▸ Given data
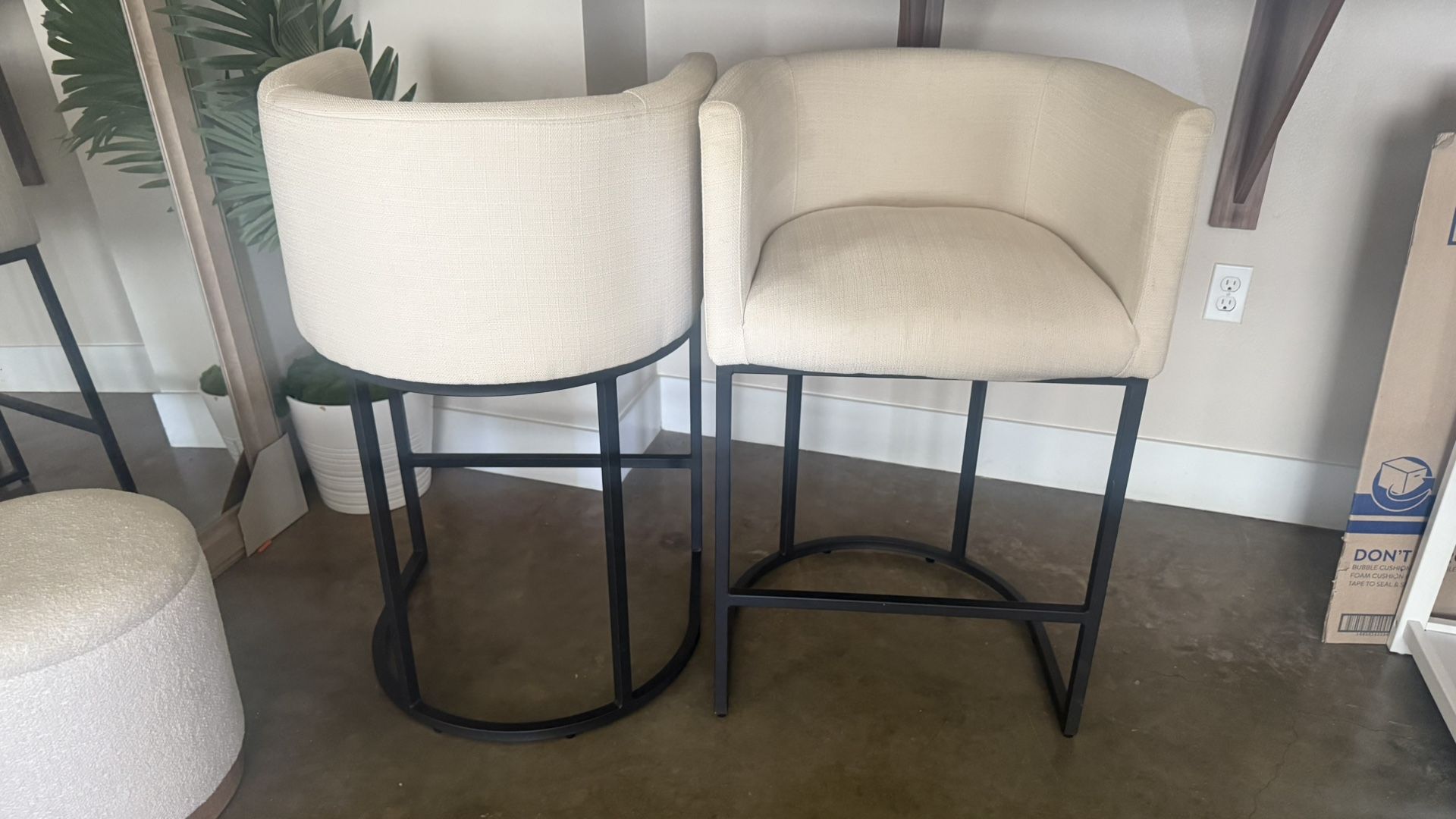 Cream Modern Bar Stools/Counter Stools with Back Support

==

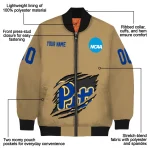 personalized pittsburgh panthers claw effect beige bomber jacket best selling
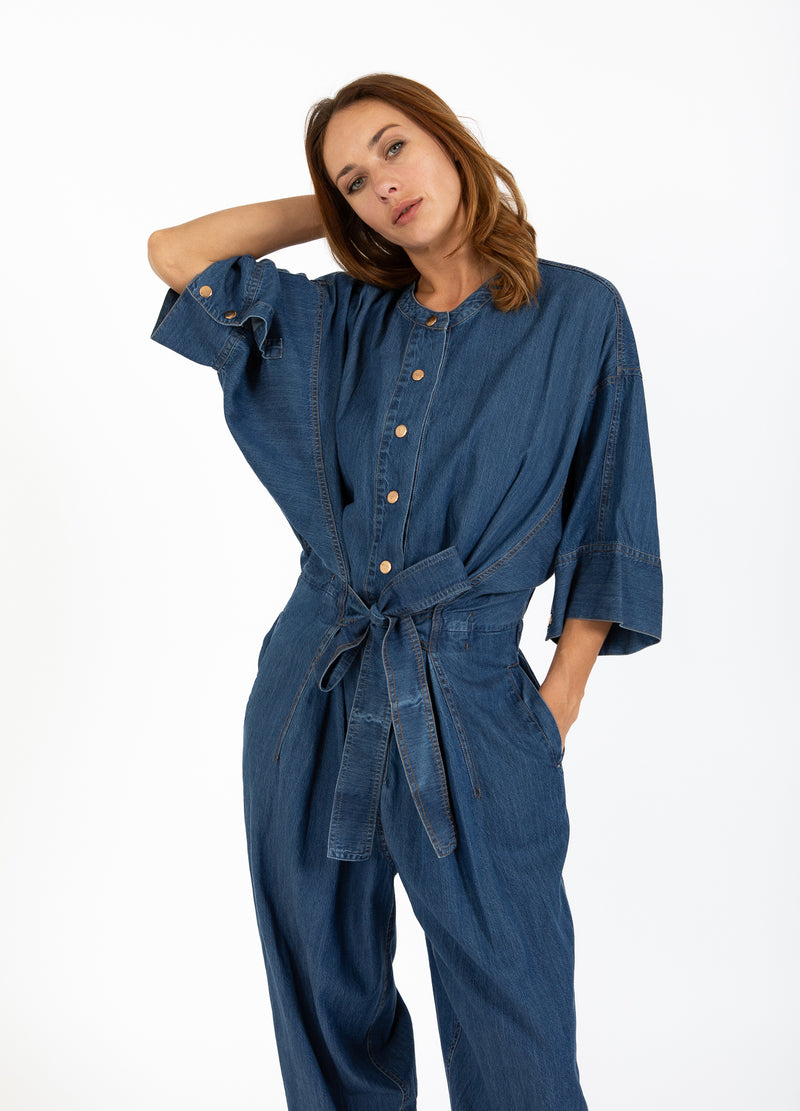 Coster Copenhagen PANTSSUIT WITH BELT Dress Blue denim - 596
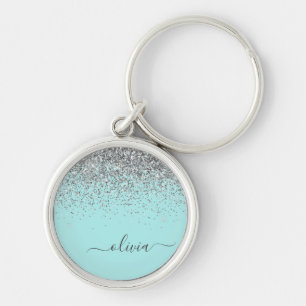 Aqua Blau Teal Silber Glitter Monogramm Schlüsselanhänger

▸ Required action
In the entries above, find the line with "personalized pittsburgh panthers" and the line with "Aqua Blau Teal". Return exactly those lines and all the ones between them, pictures excluded.

▸ Output of the task
 personalized pittsburgh panthers claw effect beige bomber jacket best selling
 Coster Copenhagen PANTSSUIT WITH BELT Dress Blue denim - 596
 Aqua Blau Teal Silber Glitter Monogramm Schlüsselanhänger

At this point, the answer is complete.